#### Directions for this task:
What follows is a set of records; restate each one word for word and drop the pictures.
--- START ---
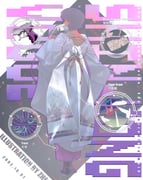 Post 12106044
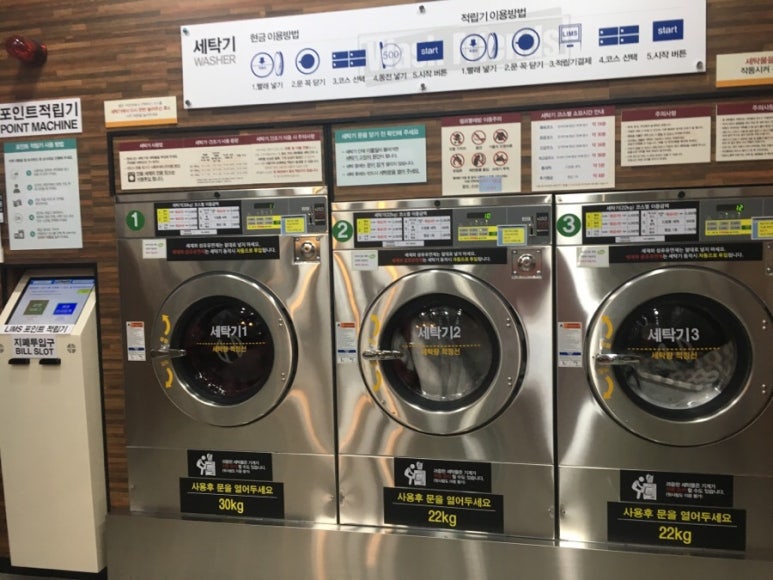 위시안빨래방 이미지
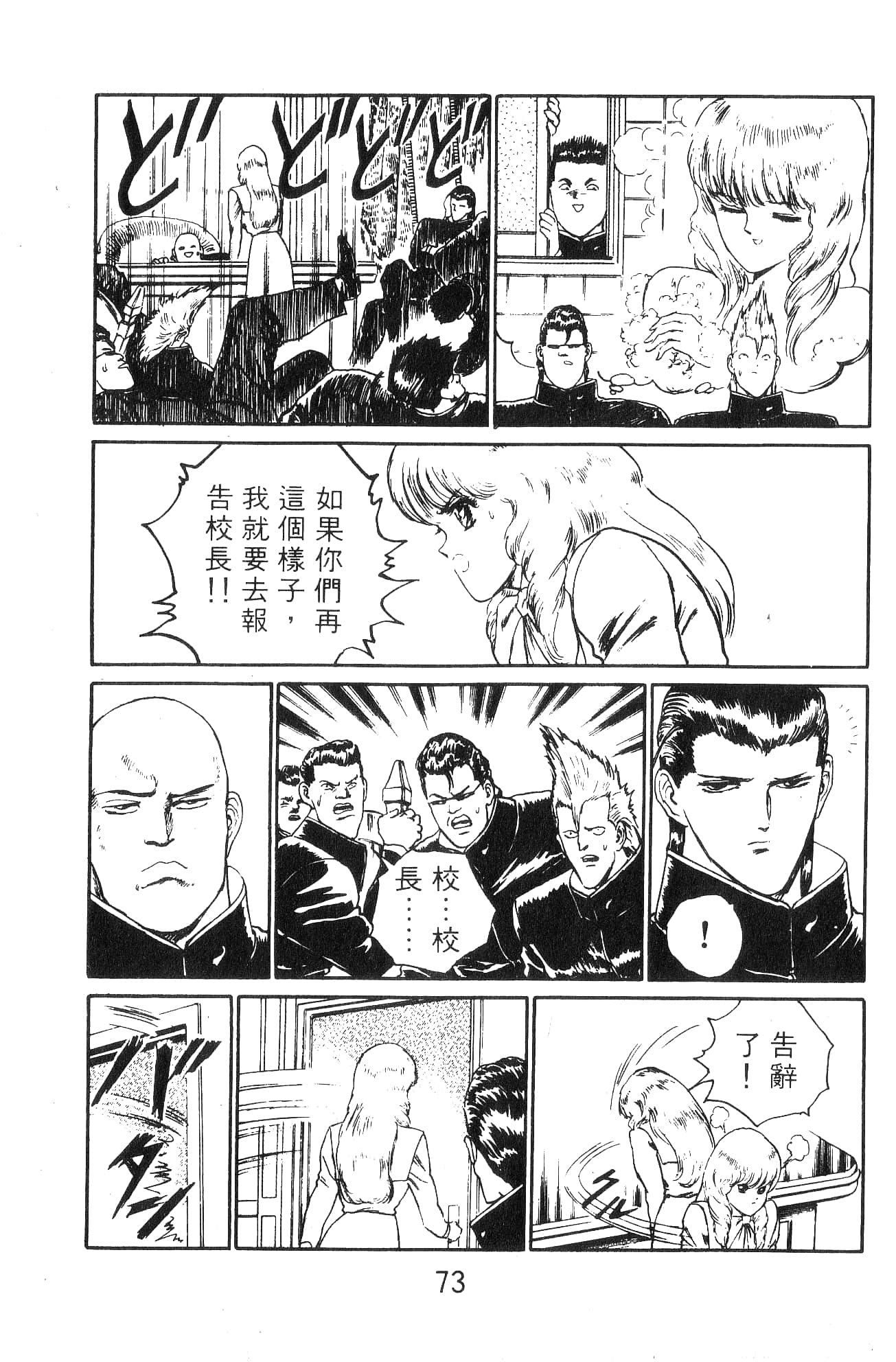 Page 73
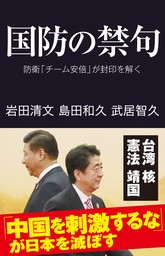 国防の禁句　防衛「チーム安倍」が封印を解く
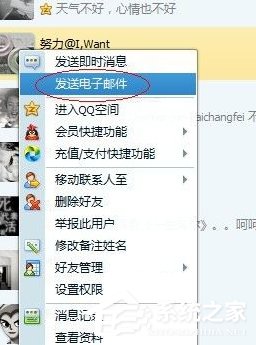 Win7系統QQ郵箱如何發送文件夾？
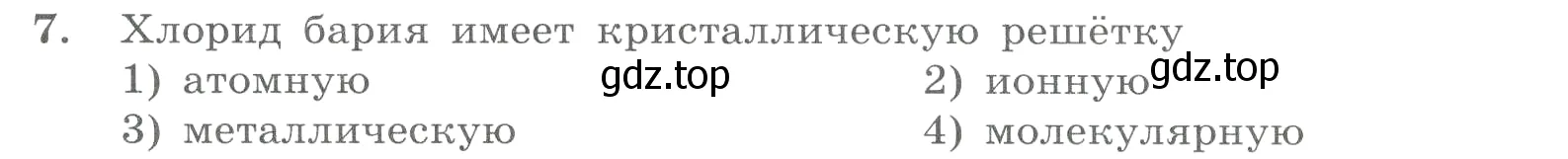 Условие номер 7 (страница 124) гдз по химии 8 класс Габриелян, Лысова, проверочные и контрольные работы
--- END ---
#### Reply to the exercise:
 Post 12106044
 위시안빨래방 이미지
 Page 73
 国防の禁句　防衛「チーム安倍」が封印を解く
 Win7系統QQ郵箱如何發送文件夾？
 Условие номер 7 (страница 124) гдз по химии 8 класс Габриелян, Лысова, проверочные и контрольные работы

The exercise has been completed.